Would the three athletes--David Evans, aged 24, Collin Finnerty, aged 20, Reade Seligmann, aged 21--survive the stigma of having been accused rapists, even if wrongfully? ABC's David Muir (subscription required) pointed out that Evans, a graduate, lost a job on Wall Street; Finnerty and Seligmann, both undergraduates, have not returned to the university. "Moving on, scarfree, will be almost impossible given all the media attention when the case broke," mused Muir, even though that attention included Evans' categorical insistence on his innocence: "You have all been told some fantastic lies." CBS' Couric said they had been "presumed guilty"--but she did not say by whom--and found it "stunning" when the current Duke lacrosse team demonstrated in support of the trio.

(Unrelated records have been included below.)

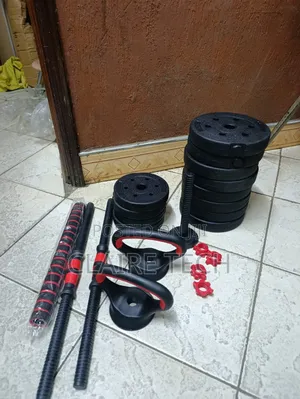 30KG Kettlebell - Professional Gym Workout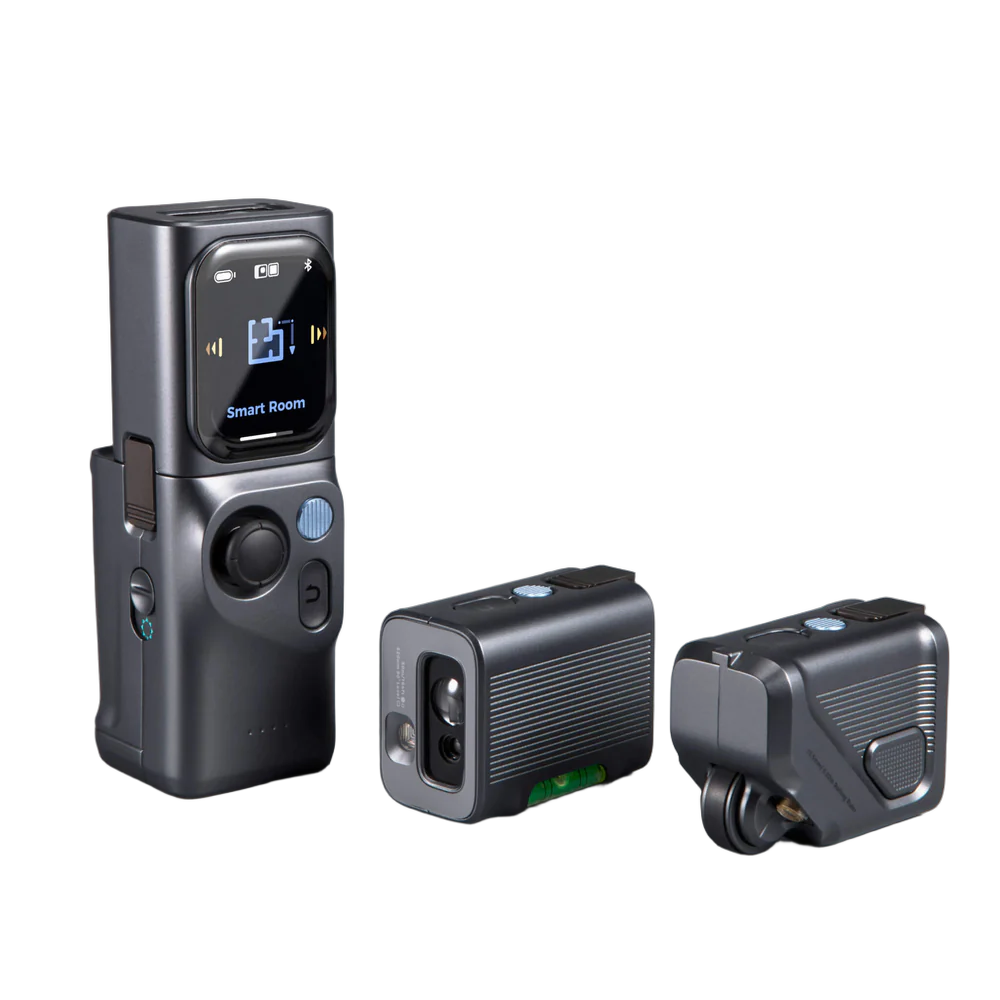 Дальномер с двусторонним лазером M-Cube Pro Laser Measuring Tool Combo (576878) Дальномер с двусторонним лазером M-Cube Pro Laser Measuring Tool Combo (576878)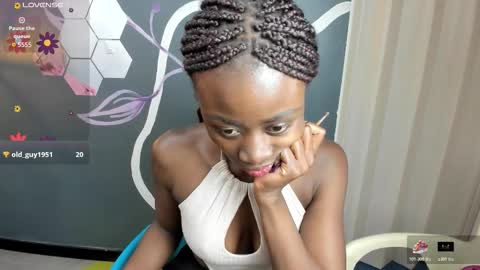 S A R A online show from December 1, 2025, 7:08 pm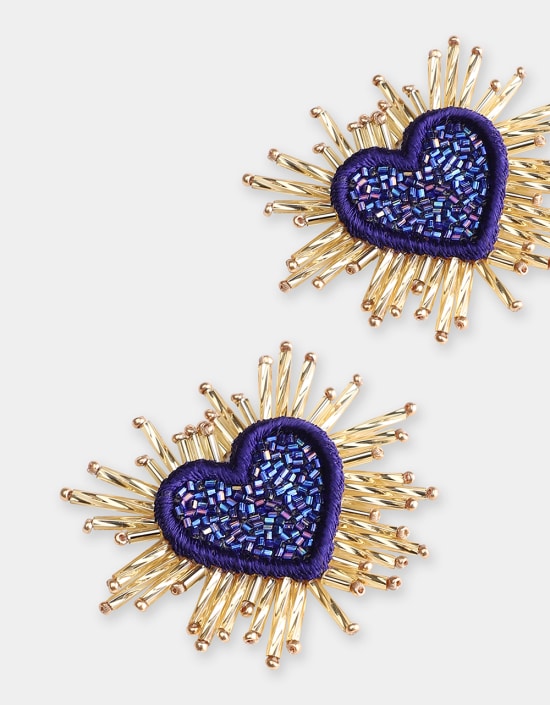 Boucles d'oreilles cadeau maman - Olivia Dar
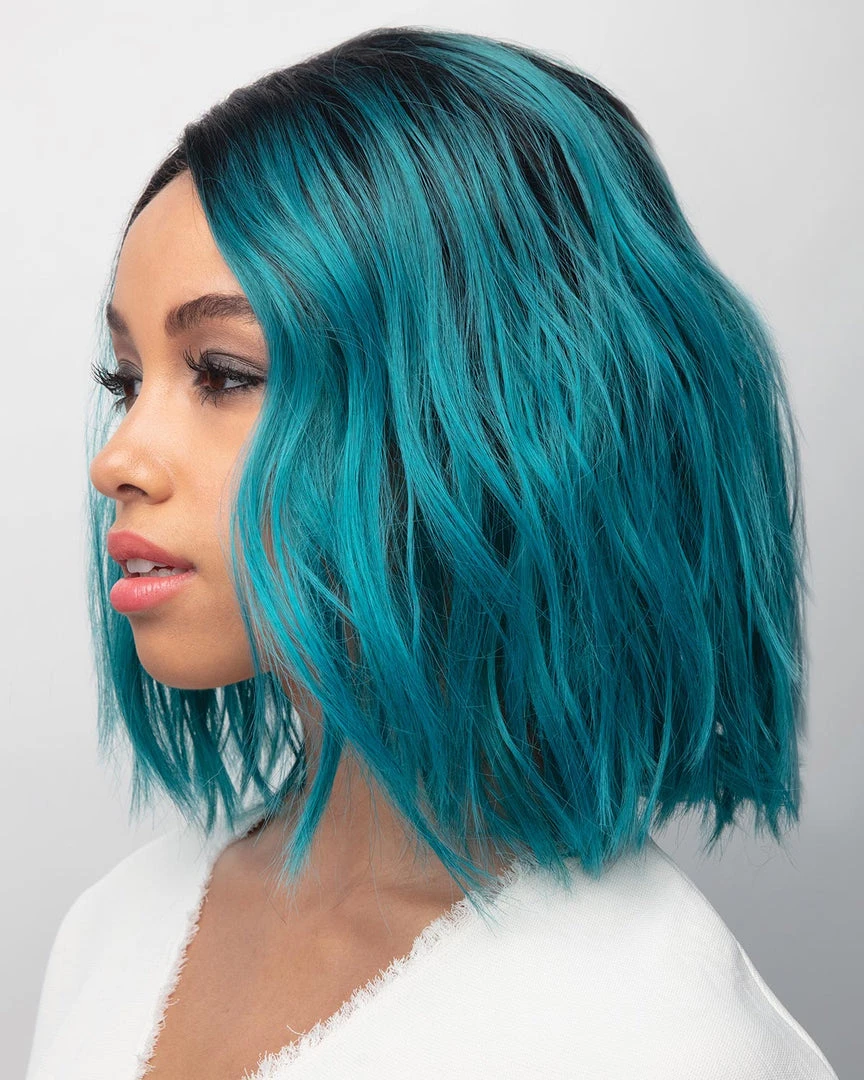 Envious | Lace Front & Monofilament Part Synthetic Wig By Orchid Wigs For Black Women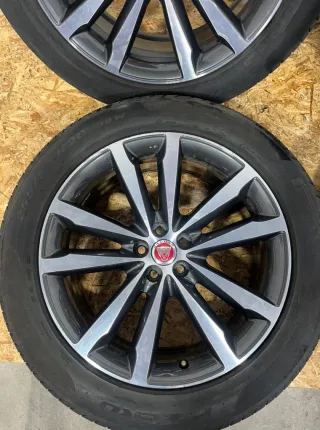 MK8M1007MA Диск литой R20 к Jaguar F-Pace Арт 41671, вид 3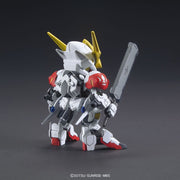 Bandai 5061827 BB402 Gundam Barbatos Lupus DX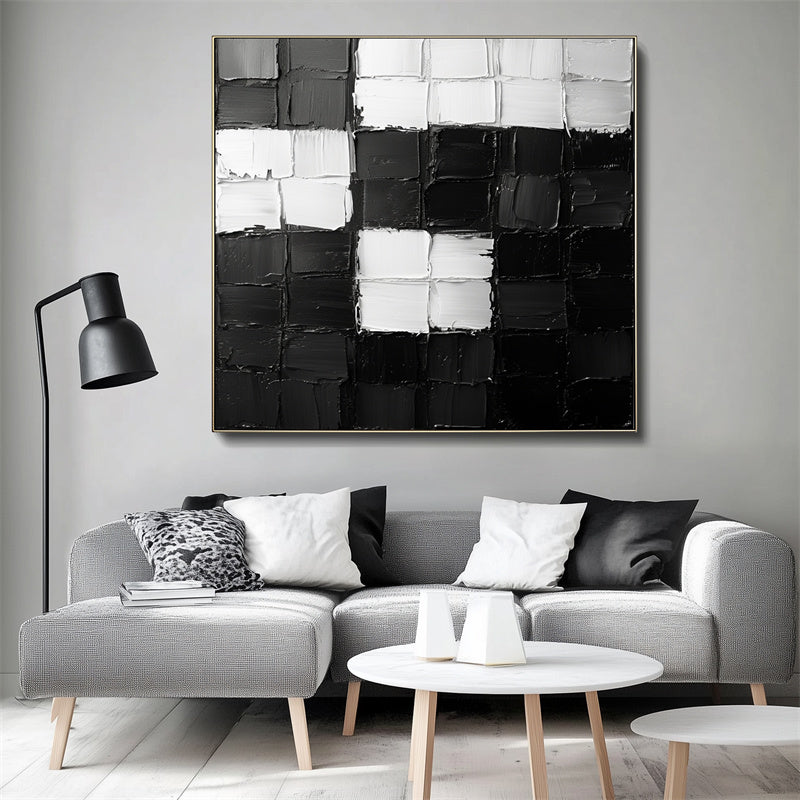Monochrome Mosaic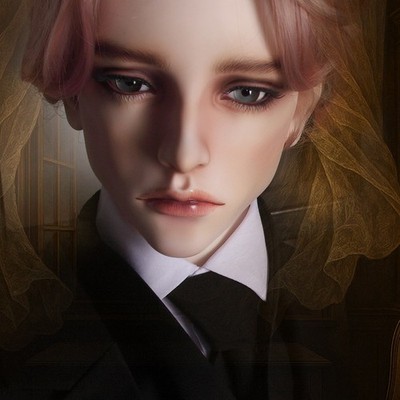 Trinity Doll M - Call Me by Your Mathis LE10 (make-up,  clothes set included )
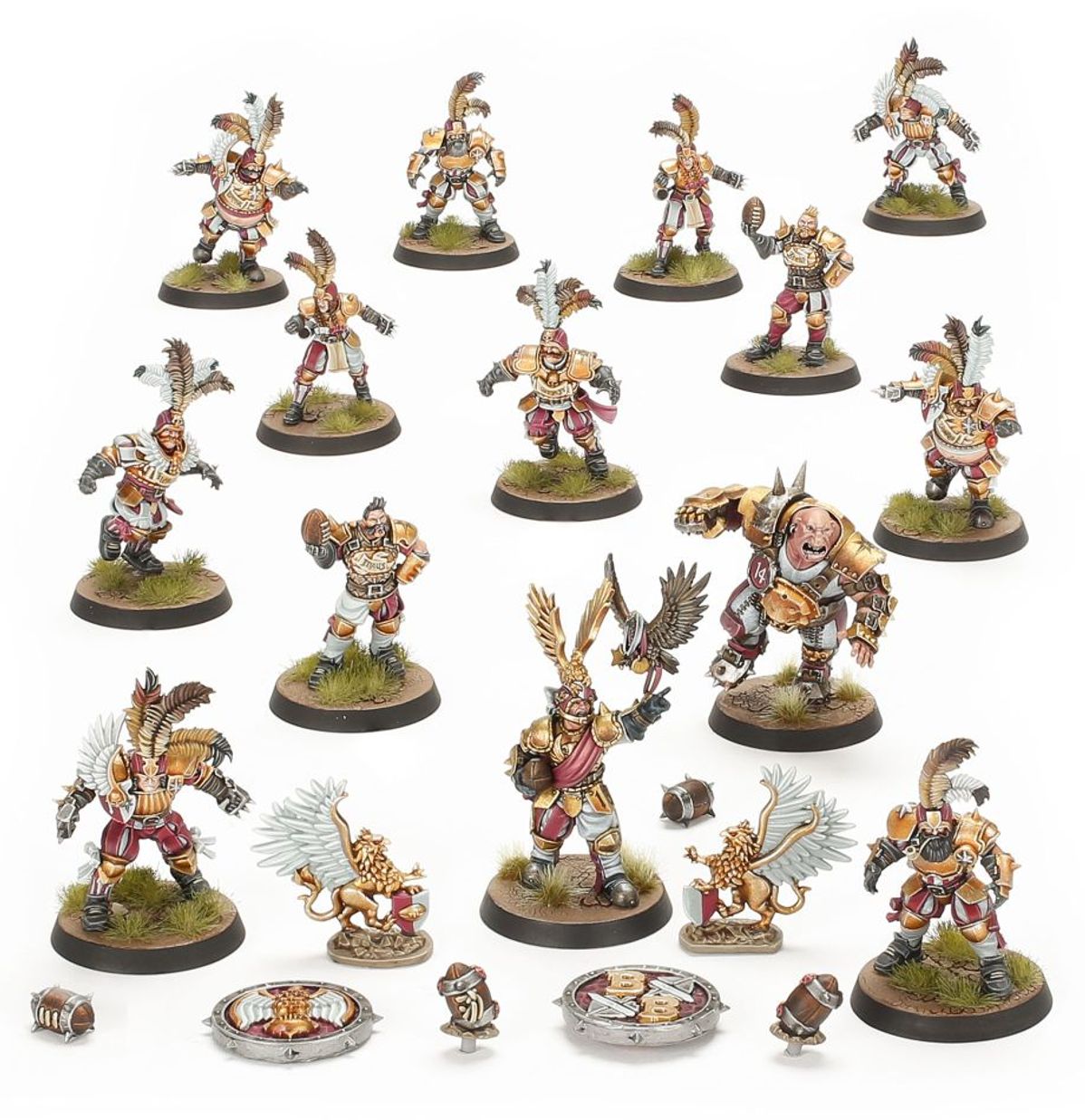 Blood Bowl: 2nd Season Edition | Buy Online from The Home Crafters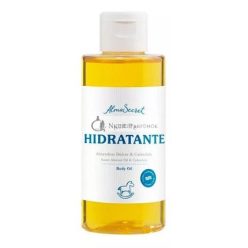 Alma Secret Édes Mandula és Körömvirág Testolaj, 150ml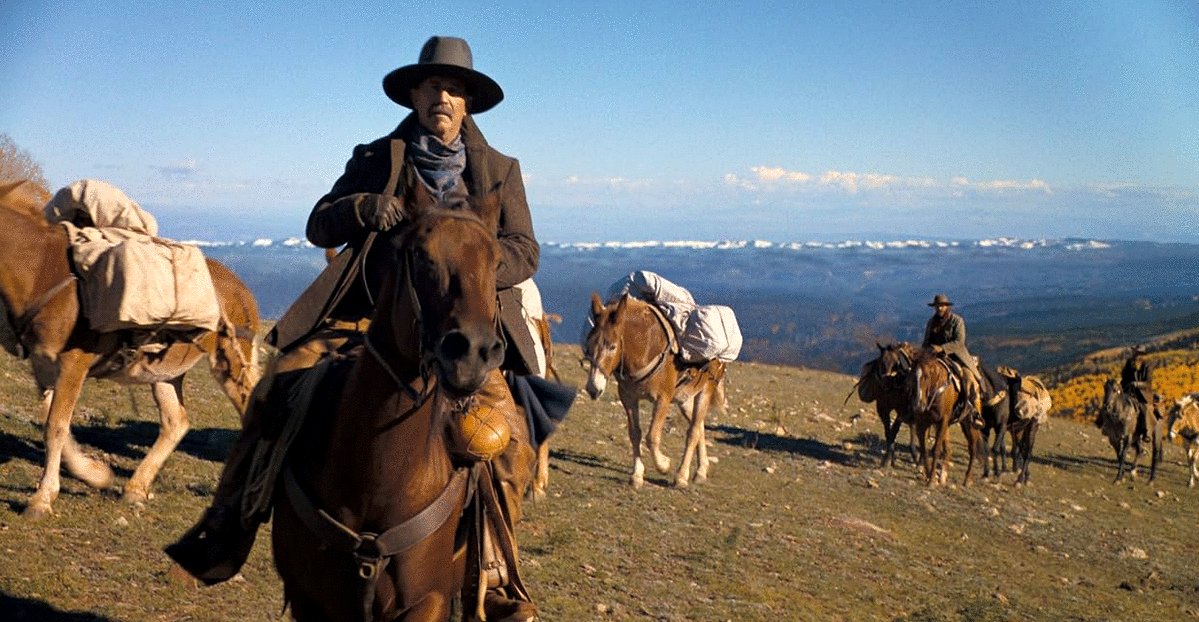 Photo du film Horizon: Une saga américaine - chapitre 1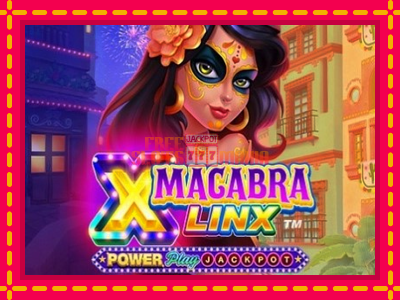 Macabra Linx PowerPlay Jackpot - slotní stroj s jednoduchými pravidly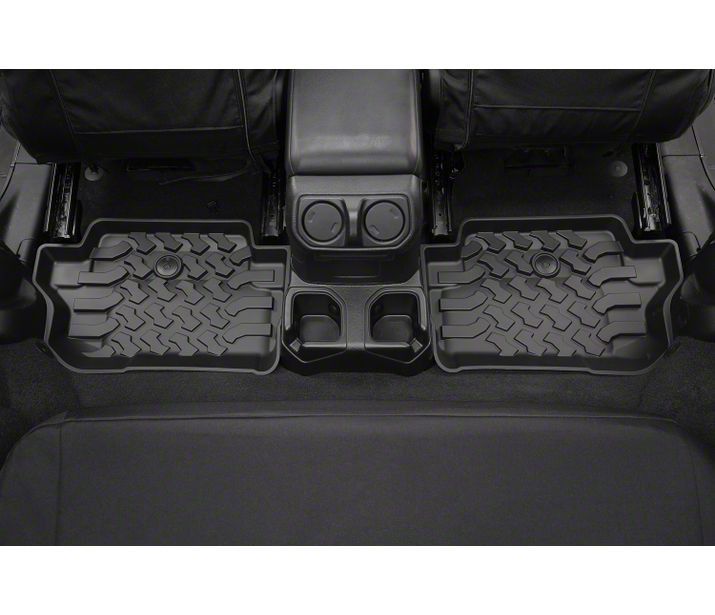 2014 Jeep Wrangler Unlimited Floor Mats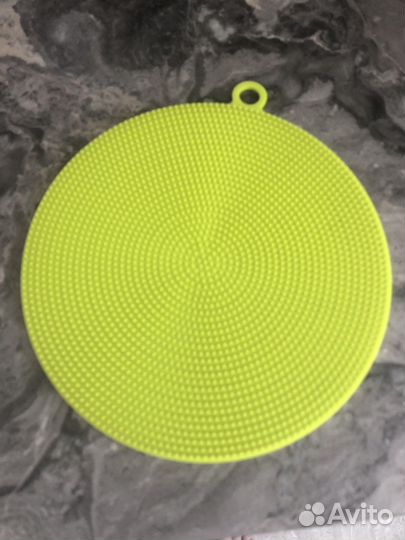 Сликоновая подставка под горячее,подложка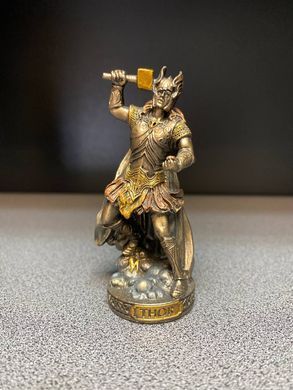 Статуетка, мініатюра Veronese "Тор" 8,5 см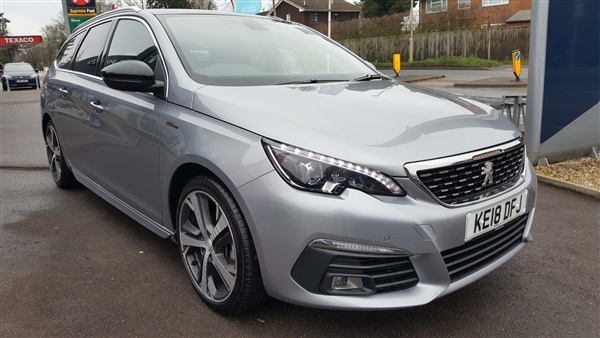 Peugeot  PureTech GT Line (s/s) 5dr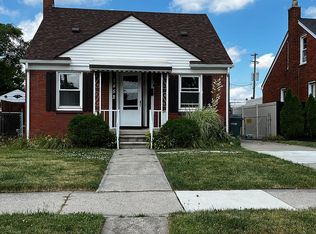 1452 Philomene Blvd, Lincoln Park, MI 48146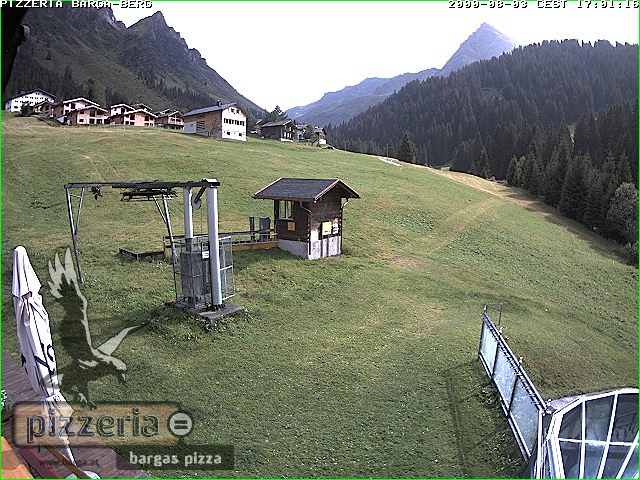 Gargellen | Barga Pizzeria - 1.530 m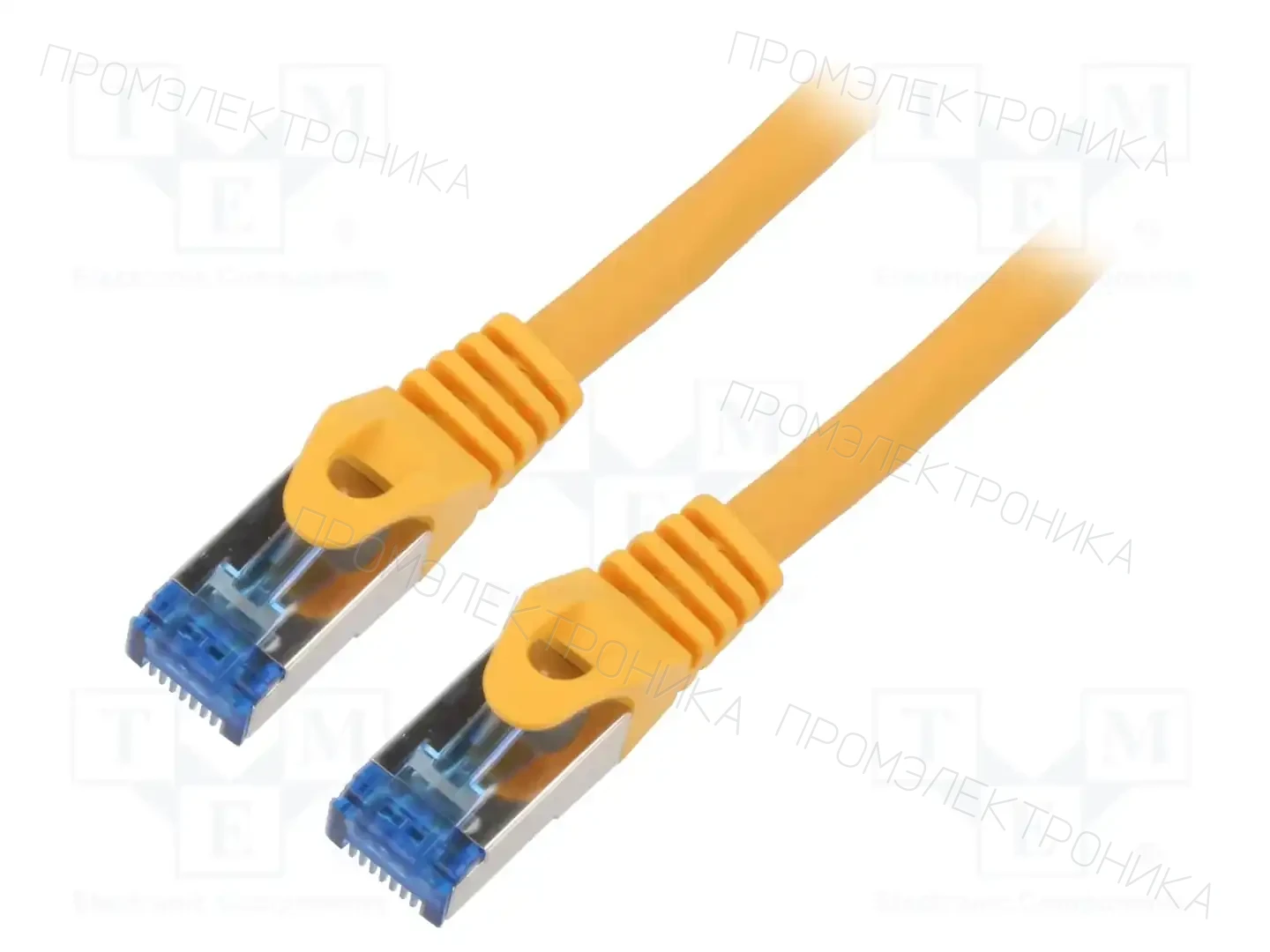 LANBERG PCF6A-10CC-0025-O — Кабели и адаптеры RJ45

The upshot of the year-long saga may well be Nifong's ruin, "branded a rogue prosecutor," according to NBC's Savidge: he rigged a photo-ID lineup; he withheld DNA evidence from defense lawyers; he publicly branded the team as "a bunch of hooligans." CBS' Bob Orr pointed out that at the time when Nifong, a white man, "openly proclaimed the players' guilt" and "played up the racial overtones of the case" he was running for reelection in a "heavily black district." Nifong is being investigated by the state bar and could lose his license to practice law. ABC's Avila quoted Nifong's lawyer: "Sometimes those who accuse lie. A prosecutor should not be held responsible for that." As for the woman who filed the charges, none of the networks even mentioned her name.